Credit Suisse chairman Walter Kielholz relinquished his post at Switzerland's number two bank to become chairman of troubled reinsurer Swiss Re, which has turned to Warren Buffett for cash after a hefty loss. Swiss Re chose ex-CEO and current vice chairman Kielholz less than a month after appointing an industry veteran as chief executive in a further attempt to show it wants to move away from risky investments and focus on its core business.
But as in the case of bank giant UBS, which has just replaced its top management duo to fight its biggest ever crisis, the executives were picked from the old guard of Switzerland's financial scene.
"This is not a clean break for Swiss Re," said Tim Dawson, an analyst at Helvea. "Kielholz was the person who started the move into alternative risk products. The company needs to make some major changes to restore investor confidence. I am not sure whether this goes far enough."

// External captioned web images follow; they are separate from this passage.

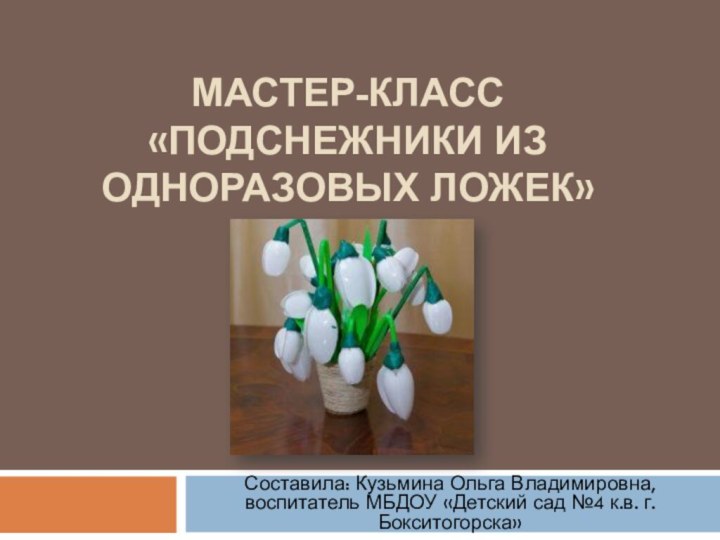 МАСТЕР-КЛАСС  «ПОДСНЕЖНИКИ ИЗ ОДНОРАЗОВЫХ ЛОЖЕК»Составила: Кузьмина Ольга Владимировна, воспитатель МБДОУ «Детский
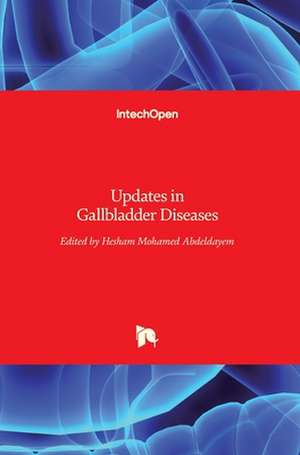 Updates in Gallbladder Diseases de Hesham Abdeldayem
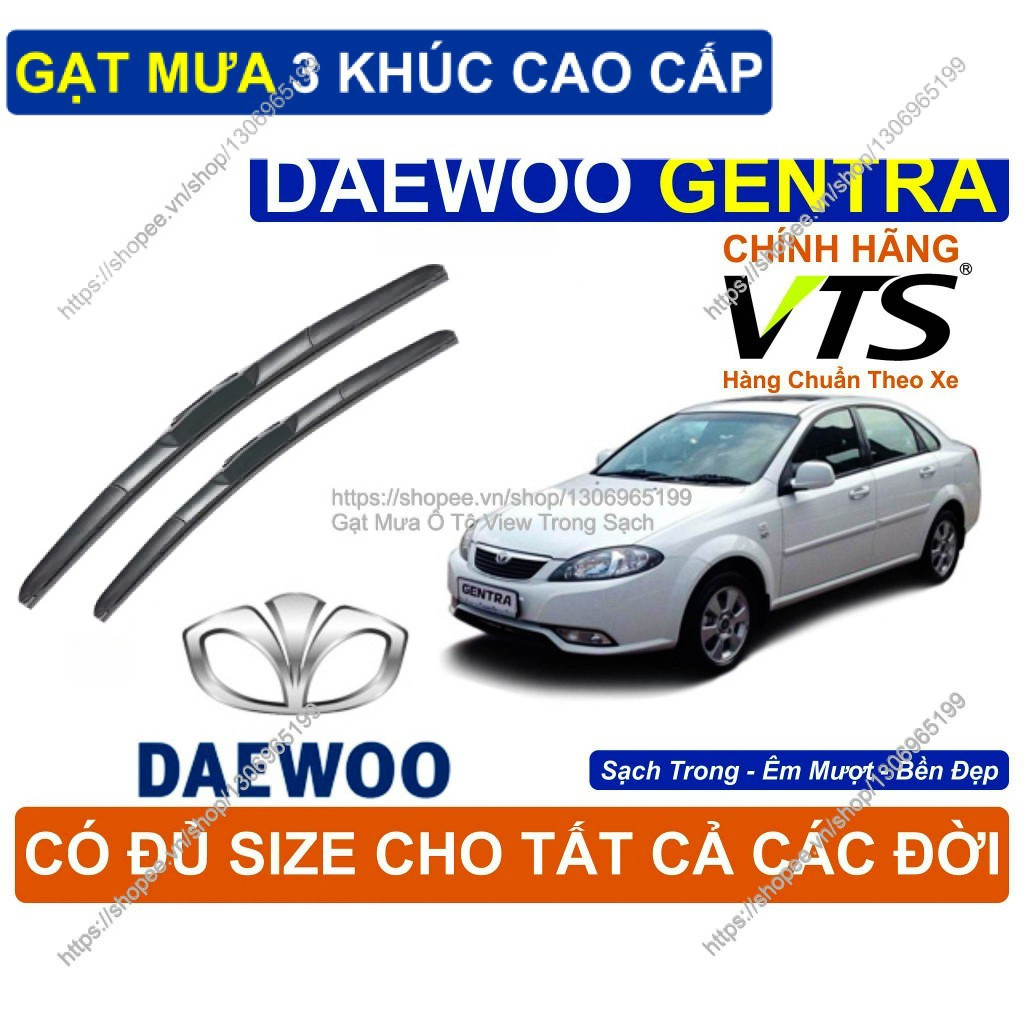 Gạt Mưa 3 Khúc Kính Lái DAEWOO Gentra, Cặp Gạt Mưa  Kính Lái Cho Các Dòng Xe DAEWOO Gentra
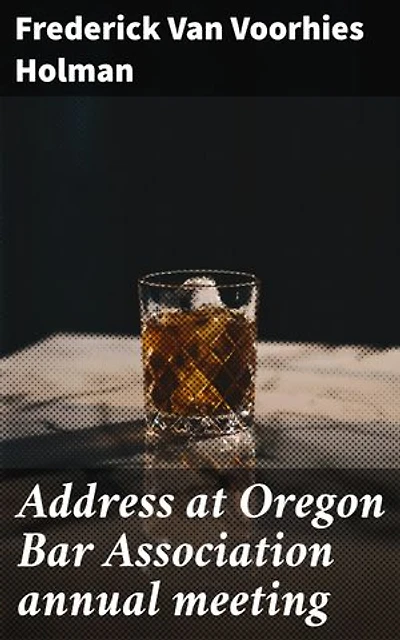 Address at Oregon Bar Association annual meeting: Exploring Legal Evolution and Advocating for Justice in the 20th Century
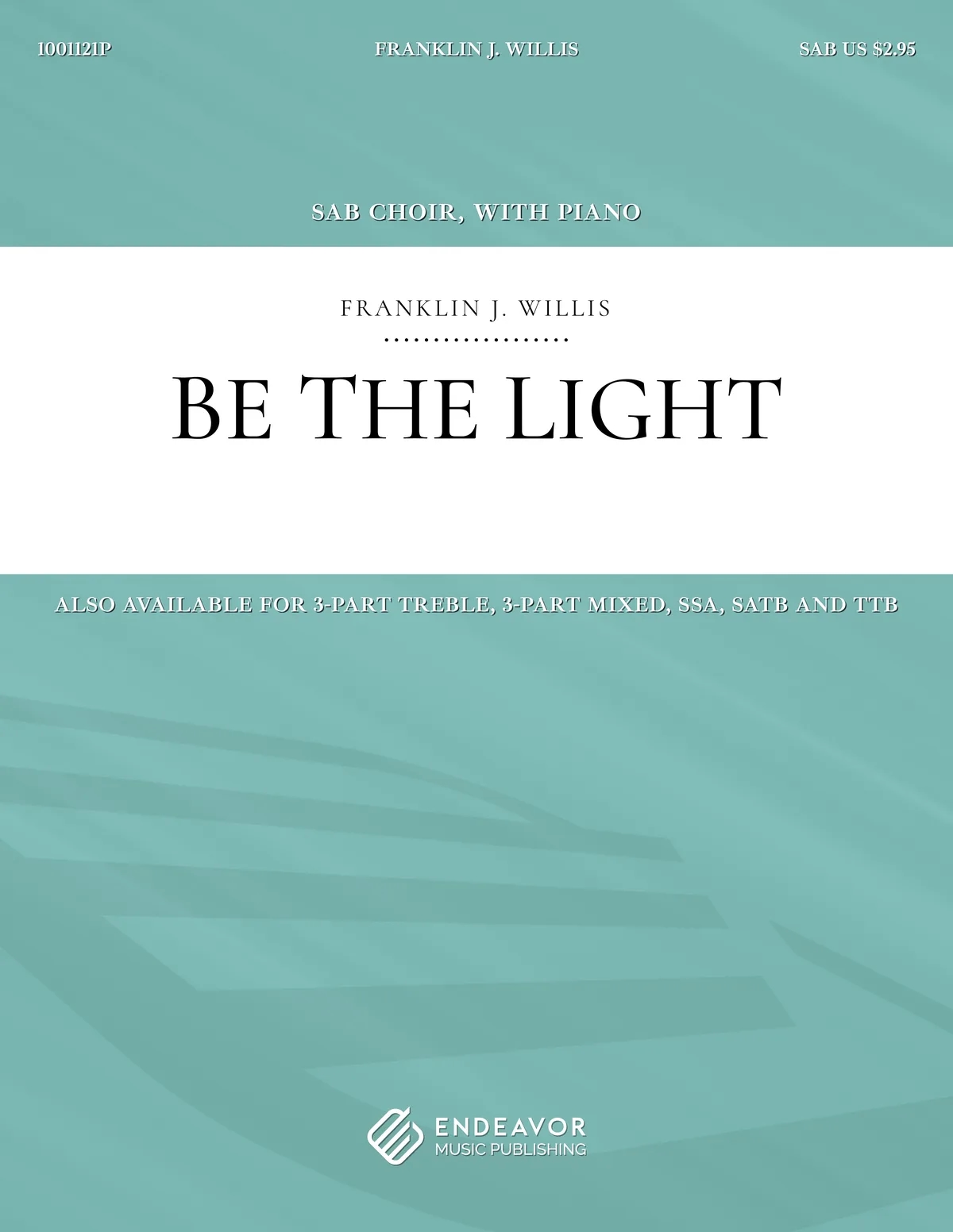 Be The Light by Franklin Willis - choral sheet music cover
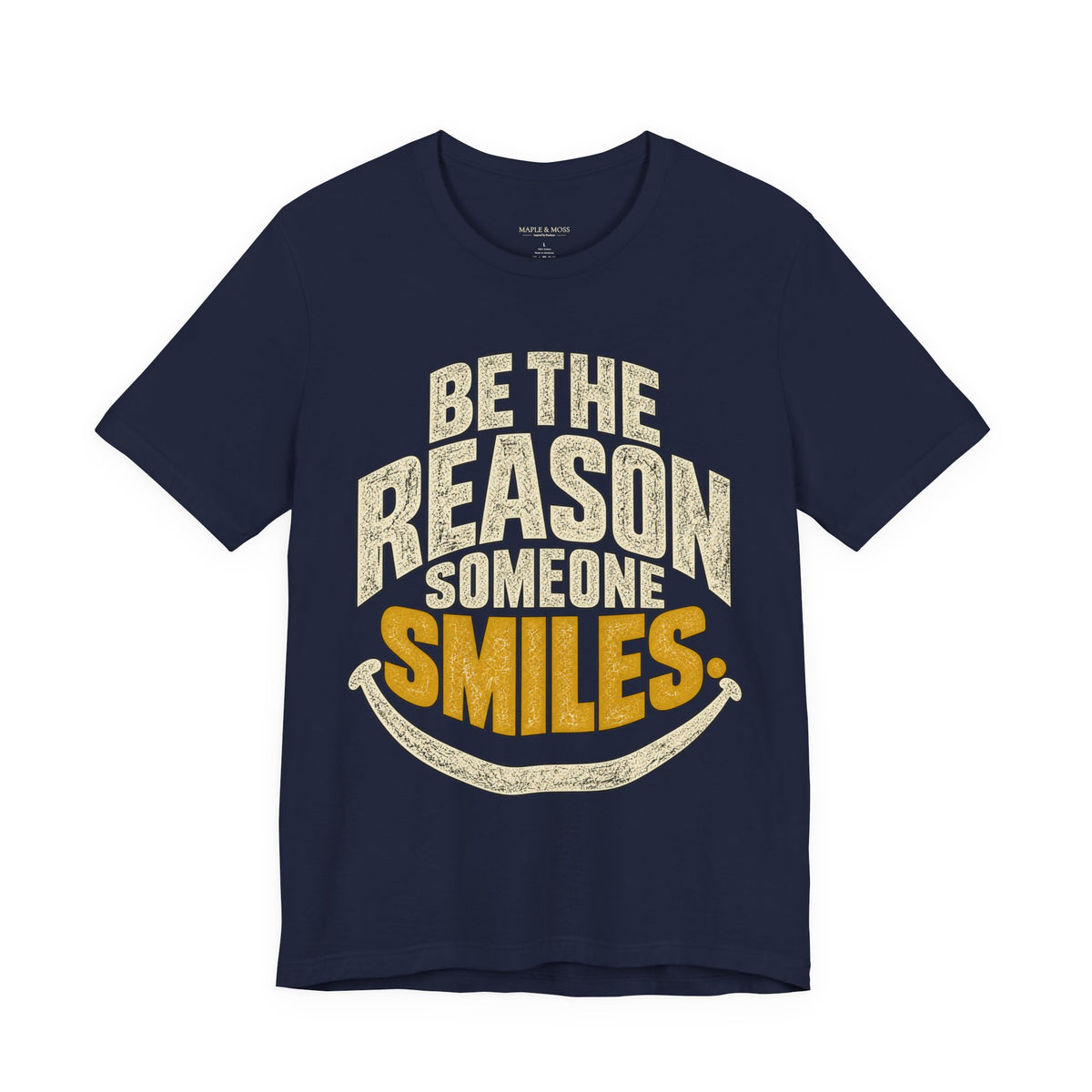 Be the Reason Someone Smiles Shirt — Vintage Kindness Graphic Tee
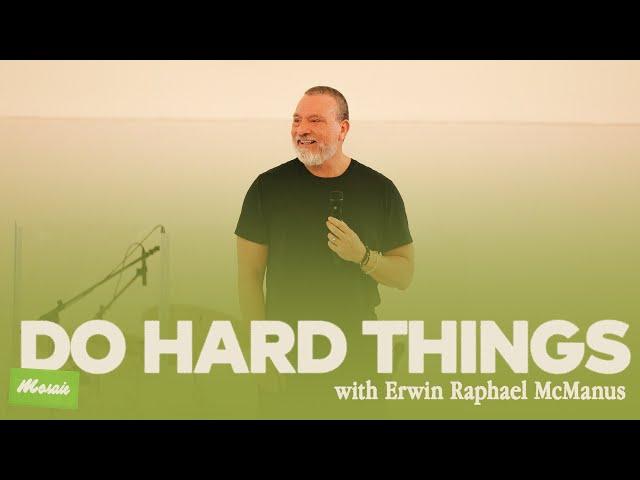 DO HARD THINGS | Erwin Raphael McManus -  Mosaic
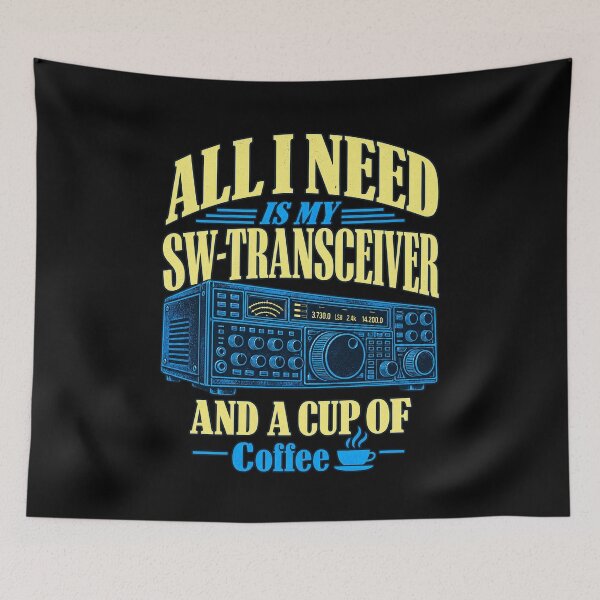 Item preview, All I Need Is My SW Transceiver And Coffee Ham Radio Operator designed and sold by Maureendz.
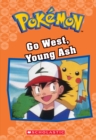 Image for Go West, Young Ash (Pokemon Classic Chapter Book #9)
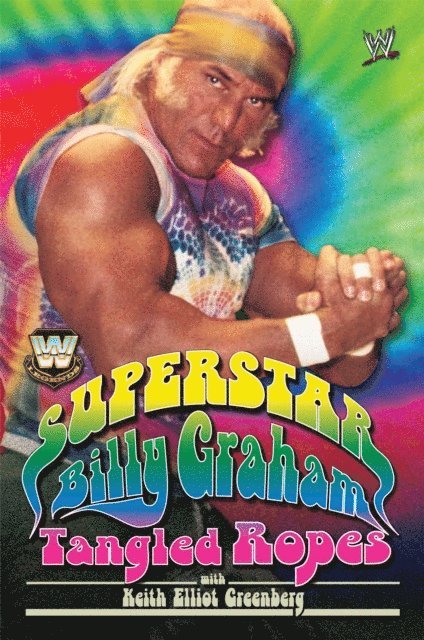Billy Graham - WWE Legends - Superstar Billy Graham, E-bok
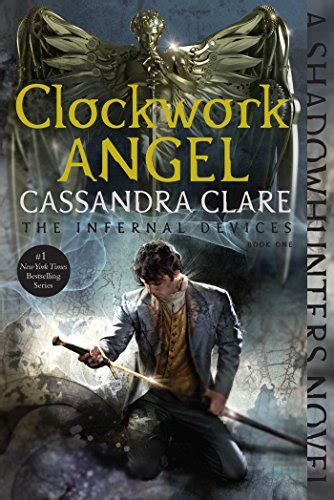 Read Clockwork Angel The Infernal Devices 1 By Cassandra Clare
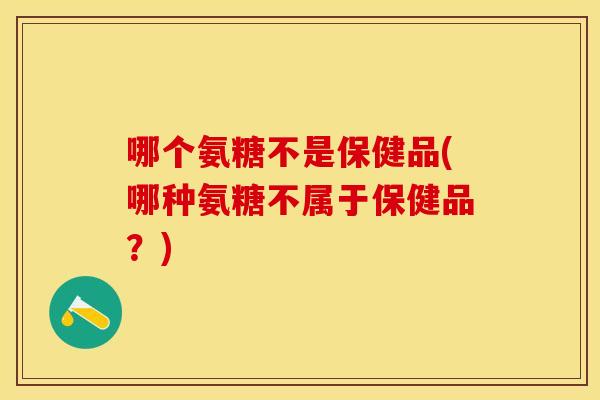 哪个氨糖不是保健品(哪种氨糖不属于保健品？)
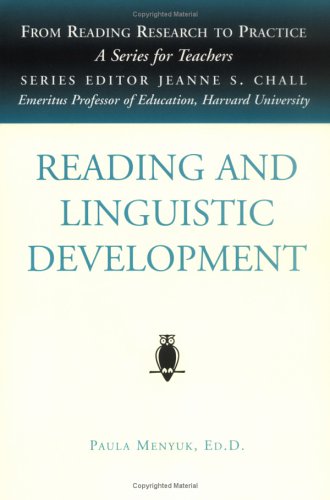 Reading and Linguistic Development (From Reading Research to Practice Series) (From Reading Research to Practice, Vol 4)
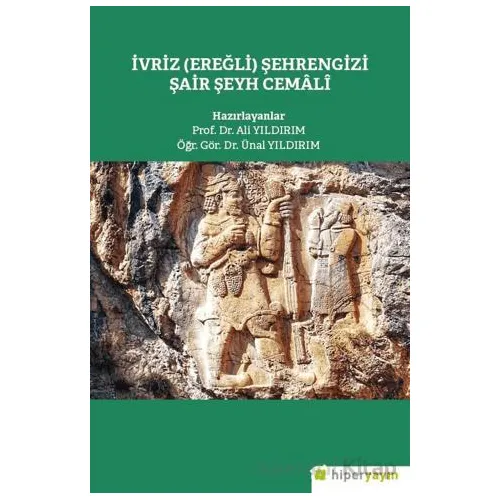 İvriz (Eğerli) Şehrengizi Şair Şeyh Cemali - Ali Yıldırım - Hiperlink Yayınları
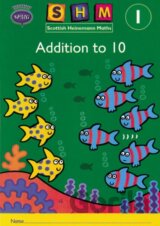Scottish Heinemann Maths 1: Addition to 10 Activity Book 8 Pack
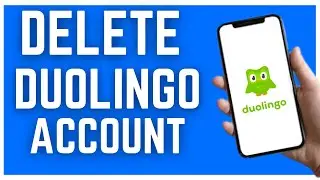 HOW TO DELETE YOUR DUOLINGO ACCOUNT (2023)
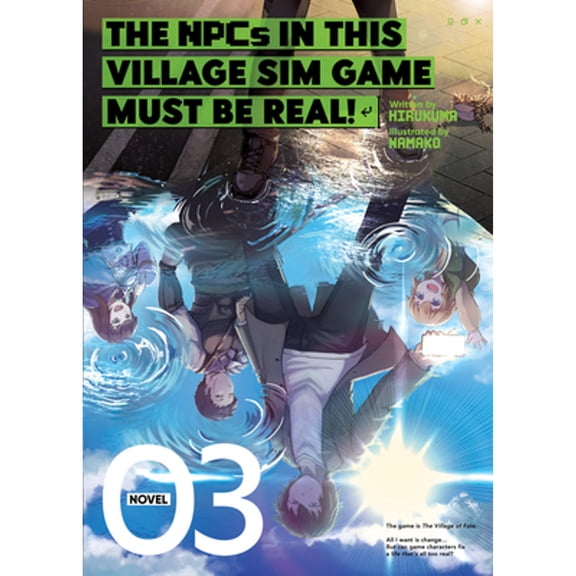 Pre-Owned The NPCs in this Village Sim Game Must Be Real! (Light Novel) Vol. 3, 9781648276286, 1648276288, Paperback,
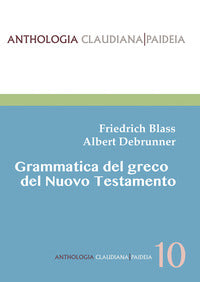 Grammatica del greco del Nuovo Testamento. Nuova ediz. - Friedrich Blass, Albert Debrunner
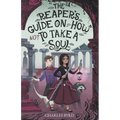 The Reaper's Guide on How NOT to Take a Soul! - Paperback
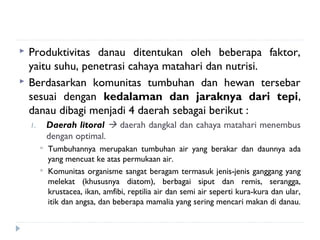    Produktivitas danau ditentukan oleh beberapa faktor,
    yaitu suhu, penetrasi cahaya matahari dan nutrisi.
   Berdasarkan komunitas tumbuhan dan hewan tersebar
    sesuai dengan kedalaman dan jaraknya dari tepi,
    danau dibagi menjadi 4 daerah sebagai berikut :
    1.       Daerah litoral  daerah dangkal dan cahaya matahari menembus
             dengan optimal.
            Tumbuhannya merupakan tumbuhan air yang berakar dan daunnya ada
             yang mencuat ke atas permukaan air.
            Komunitas organisme sangat beragam termasuk jenis-jenis ganggang yang
             melekat (khususnya diatom), berbagai siput dan remis, serangga,
             krustacea, ikan, amfibi, reptilia air dan semi air seperti kura-kura dan ular,
             itik dan angsa, dan beberapa mamalia yang sering mencari makan di danau.
 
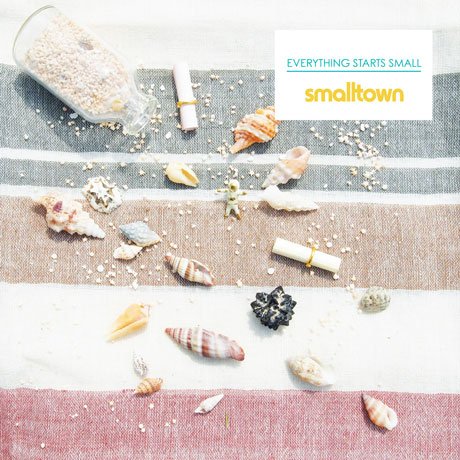 Cover for Smalltown · Vol 1 (Everything Starts Small) (CD) (2016)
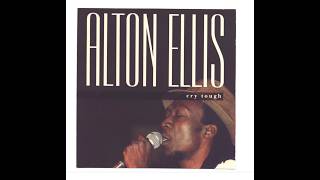 Alton Ellis - Cry Tough (Heartbeat 1993)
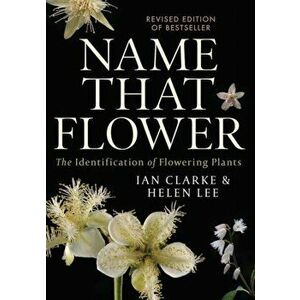 Name that Flower: The Identification of Flowering Plants: 3rd Edition, Paperback - Helen Lee imagine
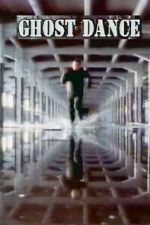 Watch Ghost Dance Freemovieswatch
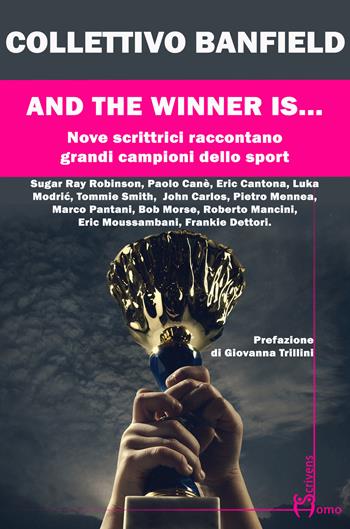 And the winner is.... Nove scrittrici raccontano grandi campioni dello sport - Collettivo Banfield - Libro Homo Scrivens 2024, Tempi supplementari | Libraccio.it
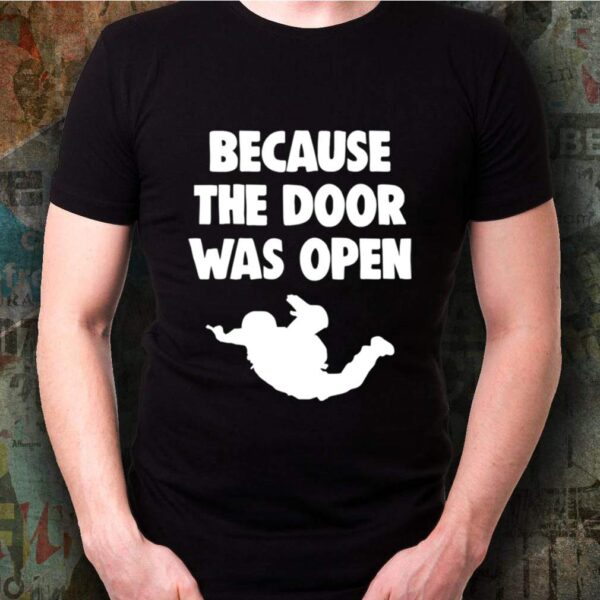 Because The Door Was Open Skydrive shirt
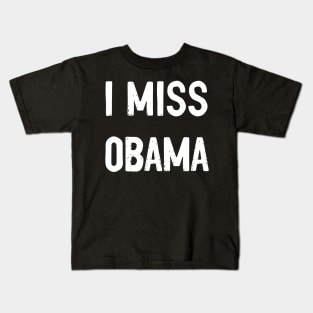 I Miss Obama T-shirt Kids T-Shirt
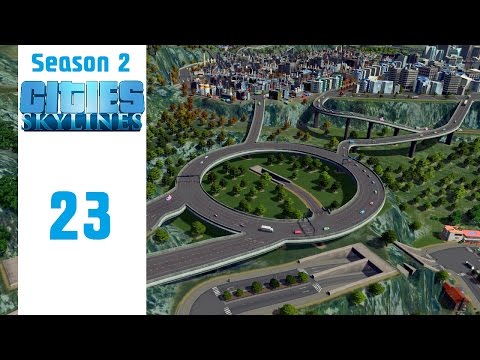 Cities: Skylines - Episode 23 - Project of a Century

Hans-Ulrich Doerig, a supporter of the global bank model who is currently vice chairman at Credit Suisse, will be promoted to chairman of the bank. Together with Kielholz and Oswald Gruebel, a former Credit Suisse chairman who was appointed CEO of UBS on February 26, Doerig is the third Credit Suisse executive to make it to the top of a large Swiss financial company in less than a month.
"What is interesting to see in all these executive changes happening in Switzerland is the fact that Credit Suisse emerges as the company providing high-level managers to its financial sector peers," said Nicolas Michellod, senior analyst at Celent.
Credit Suisse is among the few global banks that has not needed government aid so far in the crisis. Kielholz will replace Swiss Re chairman Peter Forstmoser on May 1. Mathis Cabiallavetta, another banking veteran who was chairman of UBS, will become the new deputy chairman at Swiss Re.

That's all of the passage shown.